Mucocutaneous Ulcerations and Pancytopenia Secondary to Methotrexate Toxicity in a Patient With Rheumatoid Arthritis: A Case Report.

作者信息

Dorji Thinley, Penjor Tshering, Tenzin Sangay, Pedon Tshering, Wangchuck Sangay, Yangchen Sonam

机构信息

Department of Internal Medicine Central Regional Referral Hospital Gelephu Bhutan.

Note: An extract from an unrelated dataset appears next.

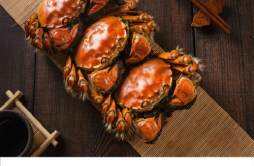 螃蟹和西瓜能一起吃吗 螃蟹不能和什么一起吃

Samdrup Jongkhar Hospital Samdrup Jongkhar Bhutan.

出版信息

Clin Case Rep. 2024 Nov 29;12(12):e9638. doi: 10.1002/ccr3.9638. eCollection 2024 Dec.

Abstract

Toxicity from methotrexate overdosing is life threatening condition that requires prompt recognition and early treatment. A 71-year-old man from rural Bhutan with diabetes mellitus had symmetrical small joint pain for 3 years associated with early morning stiffness. He was evaluated and diagnosed with seropositive rheumatoid arthritis in a hospital in neighbouring India. He was initiated on Methotrexate and Hydroxychloroquine. The patient had inadvertently taken Methotrexate 10 mg OD for 2 weeks. Following this, he developed painful ulcers on the lips preventing him from swallowing and ulcers around the corona on the penis. He also had intermittent fever with chills. On examination, he had fluid responsive hypotension and pancytopenia without bleeding manifestations. He was managed with intravenous folinic acid, subcutaneous granulocyte colony stimulating factor and intravenous cloxacillin. He had an uneventful recovery and methotrexate has been restarted following adequate patient education. Education of patient and family members is key in preventing medication errors. Early identification and timely management of methotrexate toxicity is key in preventing mortality.

摘要

甲氨蝶呤过量中毒是一种危及生命的状况,需要迅速识别并尽早治疗。一名来自不丹农村的71岁男性糖尿病患者,出现对称性小关节疼痛3年,并伴有晨僵。他在邻国印度的一家医院接受评估,被诊断为血清阳性类风湿关节炎。他开始服用甲氨蝶呤和羟氯喹。该患者无意中连续2周每天服用10毫克甲氨蝶呤。此后,他嘴唇上出现疼痛性溃疡,无法吞咽,阴茎冠状沟周围也出现溃疡。他还伴有间歇性发热和寒战。检查时,他出现液体反应性低血压和全血细胞减少,但无出血表现。他接受了静脉注射亚叶酸、皮下注射粒细胞集落刺激因子和静脉注射氯唑西林治疗。他康复顺利,在对患者进行充分的教育后重新开始使用甲氨蝶呤。对患者及其家属进行教育是预防用药错误的关键。早期识别和及时处理甲氨蝶呤毒性是预防死亡的关键。